The Murder CapitalEVOL @ O2 Academy Liverpool 25/2/20
The door to the venue is unhinged as I walk in and sirens ring across a dark, frosty night. It’s a setting which matches the atmosphere conveyed in the haunting riffs which introduce THE MURDER CAPITAL’s debut album, When I Have Fears.
As the band take positions on stage, the arrival of lead singer James McGovern is the most anticipated. He bursts onto the scene, his white shirt embroidered with multi-coloured flowers, the top three buttons left undone.

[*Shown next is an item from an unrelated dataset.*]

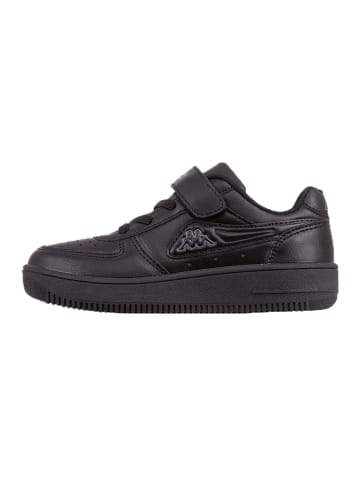 Kappa Sneakers Low 260852K 1111 in schwarz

The lurid atmosphere the band have draped across the stage is no surprise. The Irish post-punk quintet’s music is ridden with angst and dissatisfaction. Quite simply they refuse to hide it. It’s carved into every groove on their debut LP. It’s carved into every band photo (non-smiling of course). It’s even more carefully woven into their lyricism. Even when moments of light begin to appear – via lighter guitar progressions on Love, Love, Love – it’s rudely interrupted by droning bass riffs. The essence of urgency is the purpose of The Murder Capital; something has to change, and it has to do so fast. Vocalist James McGovern explained such in a recent interview: “We just wanna talk about it [homelessness, suicide and mental health issues] as much as possible, and make sure that the government knows that we’re not happy with the standard of where it’s at.”
The very acknowledgment of the alignment of social conditions as a source of unhappiness, which in their most depressing state can exacerbate behaviour synonymous with mental health problems, is a step forward in the music industry. People no longer happy with pseudoscientific ways of addressing such issues through week-long waits of support through helplines. Instead, When I Have Fears sounds like a plea for a shift towards brighter pastures. More caring methods of governing. A plea to the good in people to help those who aren’t the same, aren’t dressed like everyone else, think differently, act differently. It is the publication of a scar in our society which makes this album one of the most pertinent efforts this year.
Despite the bass-heavy riffs, and a shadowy vocal which shrouds every sense of light this band emits, they are doing all of this, on stage tonight, to highlight the need for hope. Through the dark streets of Dublin it is easy to imagine gentrification projects, and dark low-lit streets becoming hotspots for petty crimes. Contrarily, it is just as easy to imagine the glimmer of one street lamp left lit amongst the cries of blackness coursing from the Murder Capital. It is that imagery which the band cling to.
Undeniably the highlight of tonight is Twisted Ground. Just vocal and bass guitar light the way for a melody which is most beguiling. It is a frank reminder of the multifaceted nature of The Murder Capital. For now they live in the gloomy shadow of unpaid bills, dodgy shop corners and dark alleyways, but in a heartbeat they can jump into the belief of hope. Shortly after the song finishes, McGovern explains about the importance of communication when considering the fragility of mental health. “Keep talking, let people know how you’re doing,” he says. A poignant message which lingers on after they leave the stage.
On their most popular single, Don’t Cling To Life, McGovern orders the crowd to sit down. Without a moment’s hesitation the 500 strong audience clamber to the floor. “Very obedient,” he utters. It is at these moments and the resulting crowd surfing where The Murder Capital have their audience in the palm of their hand. With such a reassuring message, it’s a safe hold to be in.